Roskam’s emerging career (he’s only been in national politics for two terms) is typical of so many Neocons these days. Say one thing to get elected and then do the opposite and look for cover from the vast reservoir of media outlets and organizations paid off by pharmaceutical companies, oil companies, natural gas companies, manufacturing companies, mining, timber, health insurance, media…big international corporations making billions while the people suffer.

Neocon Roskam says he is for fiscal responsibility and in favor of two big wars and continuing to keep taxes very low for the rich. He is also in favor of denying anything to citizens, like reasonably priced health care (except tax cuts) but in favor of supporting more oil drilling in this country as opposed to promoting alternative sources of energy. He is in favor of higher gas prices, maintaining low-mileage cars, and not in favor of stimulating the economy to create more jobs.

Roskam is a protégé of his former boss, Tom DeLay, the former leader of the Right Wing from Texas, who along with Dick Armey and the Bush Administration brought us $7 trillion of the current $12 trillion in debt. DeLay, many people will remember, was the man who led the effort to gerrymander the districts of House Members in Texas, which he eventually did. It has been pointed out that there is not one Democratic district left in Texas that is not either Hispanic or African-American.
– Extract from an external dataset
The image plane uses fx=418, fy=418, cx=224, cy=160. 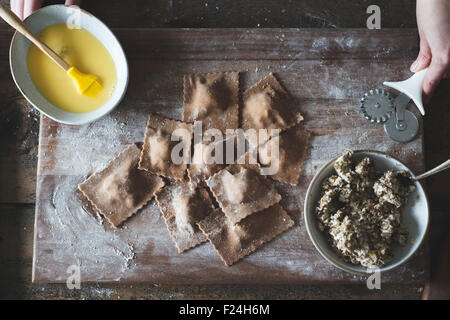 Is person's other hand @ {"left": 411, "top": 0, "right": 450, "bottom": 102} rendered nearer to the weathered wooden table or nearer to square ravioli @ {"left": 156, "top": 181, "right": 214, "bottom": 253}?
the weathered wooden table

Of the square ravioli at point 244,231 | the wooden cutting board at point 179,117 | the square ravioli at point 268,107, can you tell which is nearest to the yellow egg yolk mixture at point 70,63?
the wooden cutting board at point 179,117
We don’t know how or whether Roskam helped him plan this redistricting and gerrymandering at the time he worked for DeLay. But we know that Roskam, like Jack Abramoff, another associate of DeLay’s worked for and learned politics from DeLay. Abramoff went to jail for illegal matters having to do with lobbying and $66 million dollars from Native Americans and gambling. As yet, Roskam has not been indicted for anything.
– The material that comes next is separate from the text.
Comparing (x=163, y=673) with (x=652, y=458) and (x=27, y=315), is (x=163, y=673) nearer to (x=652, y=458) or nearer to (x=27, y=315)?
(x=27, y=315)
Tom DeLay was indicted by a Texas grand jury in 2005, after having already been rebuked officially several times by the Senate ethics committee in 2004 and having also been investigated for several trips abroad on whether or not those trips were legal. The 2005 indictment was for allegedly funneling national campaign funds into local Texas elections. Whether or not any funds were alleged to have been funneled into Illinois where Mr. Roskam was a House member in the Illinois State Legislature does not appear in the 2005 DeLay indictment.

Roskam ran for the 13th District of Illinois House seat, and lost to the “dynamic” Judy Biggert, who is supposedly more “moderate” than Roskam. Example: she voted against State Children’s Health Insurance Program that would offer lower-cost insurance to children of the working poor. Of course, once Roskam was elected to the 6th District House seat…he did also. Apparently, she is not as strongly against forcing other women to have abortions, which must be the issue on which she is more moderate. Roskam is not only against abortions, he wants all women to be prohibited from having an abortion. In that case, from a purely politically philosophical view, he would seem to be closer to Hitler than to Biggert.

After he lost to Biggert in 1997, he must have moved. He now represents the 6th District of Illinois. He followed, Henry Hyde, who also favored laws making all American women follow his rules on abortion. His rule said that all women be kept from having abortions with federal funds in legislation called the “Hyde Amendment.”

Now, we do not know if Hyde applied that rule in his four-year affair with a married woman, which in turn was before he led impeachment proceedings against Bill Clinton for doing the same thing, only for a much shorter period of time. Hyde was a Catholic, a graduate of Georgetown and Loyola Law School, and—it would appear—a hypocrite.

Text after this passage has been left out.